You’ve seen the headlines—“company culture” is one of the most-covered topics in business leadership over the past couple of years. You can read about why you shouldn’t just let your company culture happen.
You can explore “Why Corporate Culture Is Becoming More Important.” And, you can see how productive culture will boost your organization’s performance.
Before we launch into how company culture begins with the board, let’s define the term we’re using.
The Definition of Company Culture
According to Wikipedia, company culture (also referred to as organizational culture) “encompasses values and behaviors that contribute to the unique social and psychological environment of an organization…and includes the organization’s vision, values, norms, systems, symbols, language, assumptions, environment, location, beliefs, and habits.”
Yes, that’s a long definition! To simplify, culture is created through a blend of the practices, policies, and people that make up an organization.
So how exactly does your board of directors fit into the world of company culture? It might seem like company culture is guided heavily by the CEO. However, boards set the tone for CEOs through hiring decisions and succession planning.
As Spencer Stuart explains, “Boards can ensure that the CEO and executive team have the cultural fluency needed to define culture, and that they are attentive to culture and its impact on business performance.
To this end, boards may decide to consider an executive’s ability to manage culture as part of individual performance reviews and the succession planning process.”

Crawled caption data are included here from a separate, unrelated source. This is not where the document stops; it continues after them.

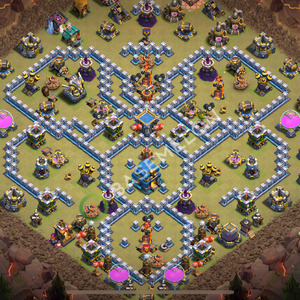 Town Hall Level 12 War Base Design 2026, Anti 3 Stars, Layout #2193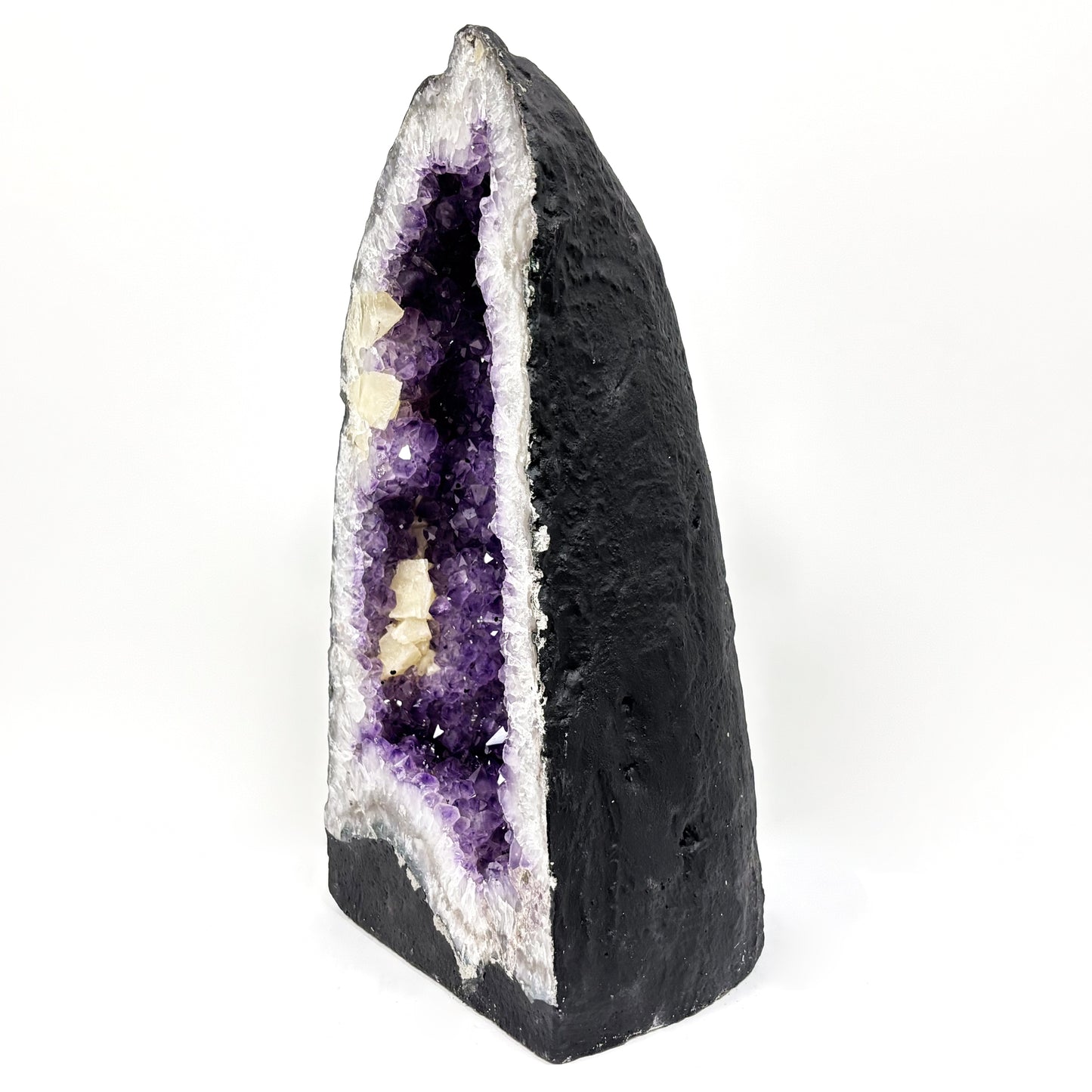 Dark Purple Amethyst with Calcite Crystal Geode - Gem Avenue Retail
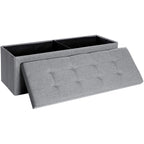 SONGMICS Összecsukható vászon tárolópuff, szürke 110x38x38cm – 1. kép
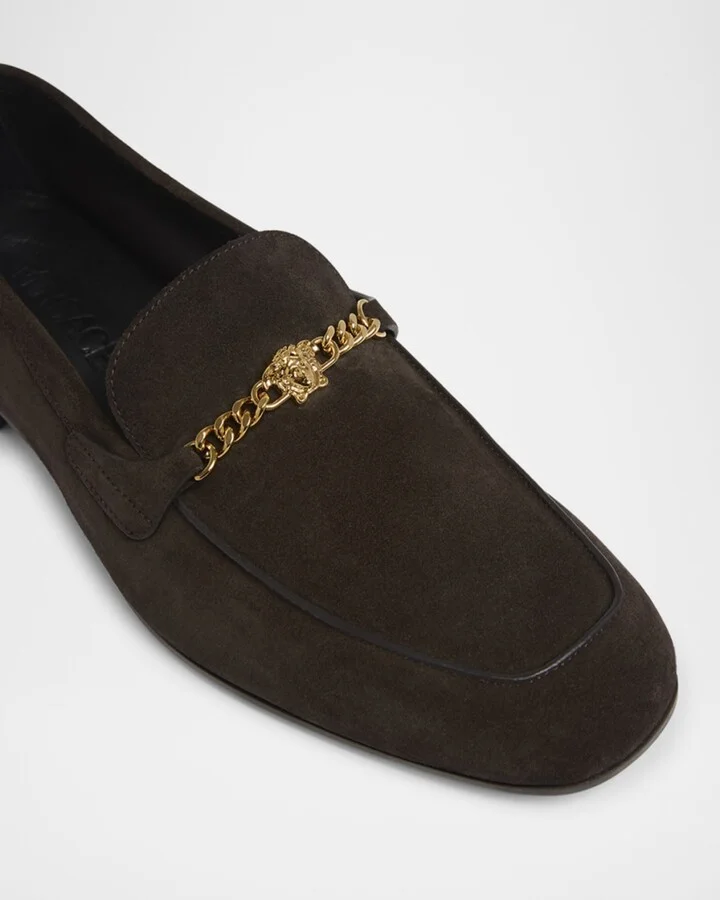 Men's Suede Medusa Chain Bit Loafers - Image 2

So outside of CEO selection, how do board members “set the tone” for a positive culture inside of the company?
Company Culture Starts in the Boardroom
Culture all starts with organized, transparent, and intentional corporate governance.
When C-suite leaders trust that board members are giving the company their best, they are freed up to address other culture issues. They’re also freed up to strengthen and grow the positive elements that already exist.
Take the example of light of recent corporate scandals at big-hitters like Uber, Wells Fargo, and Equifax. Boards are realizing that corruption, unethical behavior, and other negative, cultural qualities can ultimately damage a company’s bottom line.
In fact, the National Association for Corporate Directors picked up the topic and ran with it in their recent report, “Culture as a Corporate Asset.” The gist of the report can be gleaned from a few lines at the beginning of the report, which state:
“As directors, we have a responsibility to bring more rigor to the discussion about organizational culture. We are well-positioned to play this role: directors’ independence is an advantage, not a hindrance, in culture-oversight activities.”